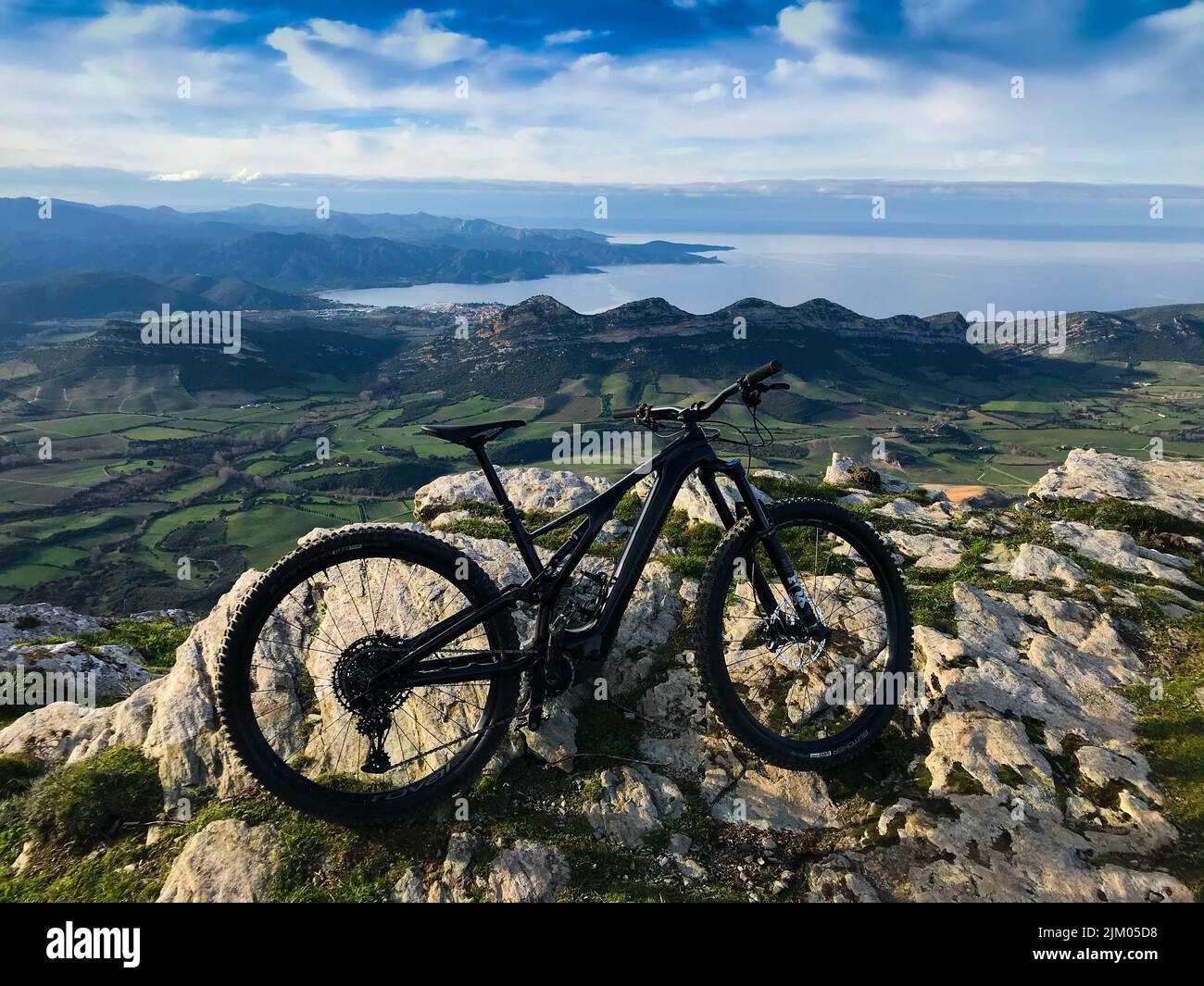 Ballade en VTTAE Un Teghime en Corse Banque D'Images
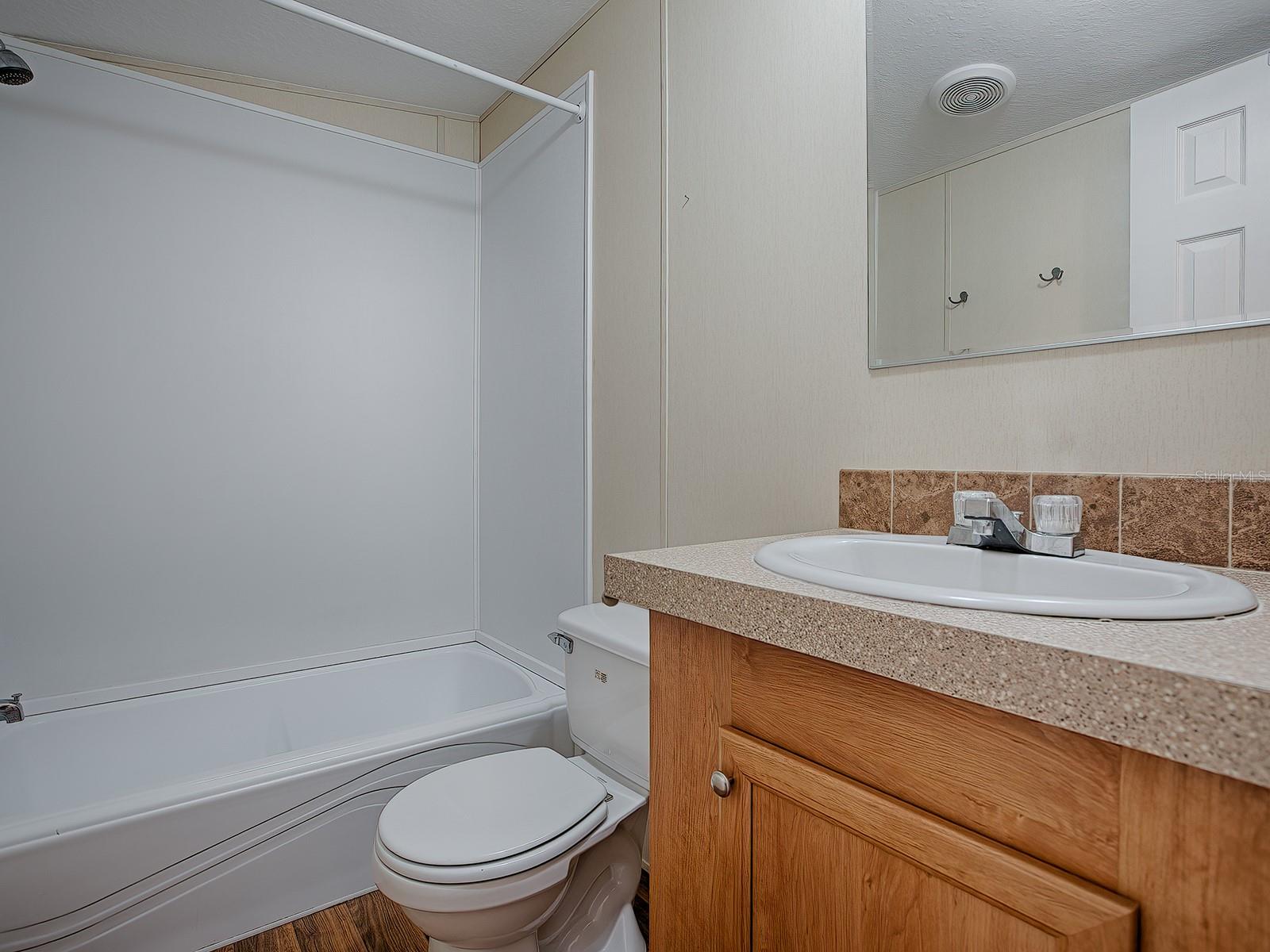 9454 CR 647N, BUSHNELL, FL, 33513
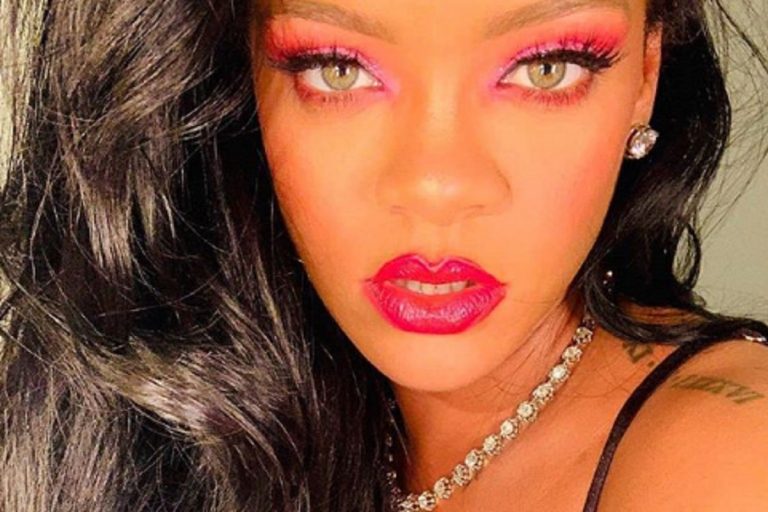 Rihanna senza veli foto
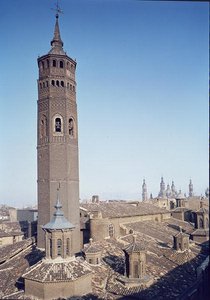 Vista della Iglesia de San Pablo da Spanish School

(Task statement): I'd like the material duplicated exactly, without its pictures.

(Reply):
 Ballade en VTTAE Un Teghime en Corse Banque D'Images
 9454 CR 647N, BUSHNELL, FL, 33513
 Rihanna senza veli foto
 Vista della Iglesia de San Pablo da Spanish School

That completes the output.